■ **ACTIVITY**
Repeat each entry below without omitting a single word.

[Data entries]
-=-=-=-=-
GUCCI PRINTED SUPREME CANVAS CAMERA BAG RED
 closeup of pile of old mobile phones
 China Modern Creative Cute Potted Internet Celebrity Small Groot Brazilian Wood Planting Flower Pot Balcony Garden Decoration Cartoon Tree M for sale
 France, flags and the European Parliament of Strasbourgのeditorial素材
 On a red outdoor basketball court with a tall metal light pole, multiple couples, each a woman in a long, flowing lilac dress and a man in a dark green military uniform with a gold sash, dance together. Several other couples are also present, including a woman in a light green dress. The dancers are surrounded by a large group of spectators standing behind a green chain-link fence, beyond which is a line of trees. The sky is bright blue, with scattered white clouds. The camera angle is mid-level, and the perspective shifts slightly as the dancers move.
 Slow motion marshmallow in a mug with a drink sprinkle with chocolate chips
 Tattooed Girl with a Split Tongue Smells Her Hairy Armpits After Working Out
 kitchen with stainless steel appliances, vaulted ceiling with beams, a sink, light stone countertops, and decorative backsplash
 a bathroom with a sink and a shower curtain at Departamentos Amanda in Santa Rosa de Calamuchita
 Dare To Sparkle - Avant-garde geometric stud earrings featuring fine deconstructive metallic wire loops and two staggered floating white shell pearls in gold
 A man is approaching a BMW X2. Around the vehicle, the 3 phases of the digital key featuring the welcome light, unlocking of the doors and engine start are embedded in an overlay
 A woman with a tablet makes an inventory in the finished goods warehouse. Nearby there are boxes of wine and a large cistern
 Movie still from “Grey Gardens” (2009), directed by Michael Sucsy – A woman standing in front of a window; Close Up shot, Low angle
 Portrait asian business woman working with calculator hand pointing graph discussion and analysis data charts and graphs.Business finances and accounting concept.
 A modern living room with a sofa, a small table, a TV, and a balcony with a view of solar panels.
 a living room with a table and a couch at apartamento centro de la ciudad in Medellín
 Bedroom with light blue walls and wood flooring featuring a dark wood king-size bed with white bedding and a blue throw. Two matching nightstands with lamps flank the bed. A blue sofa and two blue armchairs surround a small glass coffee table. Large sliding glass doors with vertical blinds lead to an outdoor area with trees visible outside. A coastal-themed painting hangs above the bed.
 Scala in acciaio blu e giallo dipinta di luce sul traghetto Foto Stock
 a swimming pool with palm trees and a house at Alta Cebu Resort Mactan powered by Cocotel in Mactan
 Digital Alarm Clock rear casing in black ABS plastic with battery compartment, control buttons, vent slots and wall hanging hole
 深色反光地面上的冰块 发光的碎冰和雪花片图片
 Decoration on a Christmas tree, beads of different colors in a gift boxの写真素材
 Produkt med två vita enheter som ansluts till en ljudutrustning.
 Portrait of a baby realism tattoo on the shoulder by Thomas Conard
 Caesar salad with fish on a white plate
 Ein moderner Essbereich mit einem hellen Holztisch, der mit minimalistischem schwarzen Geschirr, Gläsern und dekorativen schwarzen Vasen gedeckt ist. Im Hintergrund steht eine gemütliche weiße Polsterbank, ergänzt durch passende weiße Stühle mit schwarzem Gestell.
-=-=-=-=-
■ **ANSWER AREA**
GUCCI PRINTED SUPREME CANVAS CAMERA BAG RED
 closeup of pile of old mobile phones
 China Modern Creative Cute Potted Internet Celebrity Small Groot Brazilian Wood Planting Flower Pot Balcony Garden Decoration Cartoon Tree M for sale
 France, flags and the European Parliament of Strasbourgのeditorial素材
 On a red outdoor basketball court with a tall metal light pole, multiple couples, each a woman in a long, flowing lilac dress and a man in a dark green military uniform with a gold sash, dance together. Several other couples are also present, including a woman in a light green dress. The dancers are surrounded by a large group of spectators standing behind a green chain-link fence, beyond which is a line of trees. The sky is bright blue, with scattered white clouds. The camera angle is mid-level, and the perspective shifts slightly as the dancers move.
 Slow motion marshmallow in a mug with a drink sprinkle with chocolate chips
 Tattooed Girl with a Split Tongue Smells Her Hairy Armpits After Working Out
 kitchen with stainless steel appliances, vaulted ceiling with beams, a sink, light stone countertops, and decorative backsplash
 a bathroom with a sink and a shower curtain at Departamentos Amanda in Santa Rosa de Calamuchita
 Dare To Sparkle - Avant-garde geometric stud earrings featuring fine deconstructive metallic wire loops and two staggered floating white shell pearls in gold
 A man is approaching a BMW X2. Around the vehicle, the 3 phases of the digital key featuring the welcome light, unlocking of the doors and engine start are embedded in an overlay
 A woman with a tablet makes an inventory in the finished goods warehouse. Nearby there are boxes of wine and a large cistern
 Movie still from “Grey Gardens” (2009), directed by Michael Sucsy – A woman standing in front of a window; Close Up shot, Low angle
 Portrait asian business woman working with calculator hand pointing graph discussion and analysis data charts and graphs.Business finances and accounting concept.
 A modern living room with a sofa, a small table, a TV, and a balcony with a view of solar panels.
 a living room with a table and a couch at apartamento centro de la ciudad in Medellín
 Bedroom with light blue walls and wood flooring featuring a dark wood king-size bed with white bedding and a blue throw. Two matching nightstands with lamps flank the bed. A blue sofa and two blue armchairs surround a small glass coffee table. Large sliding glass doors with vertical blinds lead to an outdoor area with trees visible outside. A coastal-themed painting hangs above the bed.
 Scala in acciaio blu e giallo dipinta di luce sul traghetto Foto Stock
 a swimming pool with palm trees and a house at Alta Cebu Resort Mactan powered by Cocotel in Mactan
 Digital Alarm Clock rear casing in black ABS plastic with battery compartment, control buttons, vent slots and wall hanging hole
 深色反光地面上的冰块 发光的碎冰和雪花片图片
 Decoration on a Christmas tree, beads of different colors in a gift boxの写真素材
 Produkt med två vita enheter som ansluts till en ljudutrustning.
 Portrait of a baby realism tattoo on the shoulder by Thomas Conard
 Caesar salad with fish on a white plate
 Ein moderner Essbereich mit einem hellen Holztisch, der mit minimalistischem schwarzen Geschirr, Gläsern und dekorativen schwarzen Vasen gedeckt ist. Im Hintergrund steht eine gemütliche weiße Polsterbank, ergänzt durch passende weiße Stühle mit schwarzem Gestell.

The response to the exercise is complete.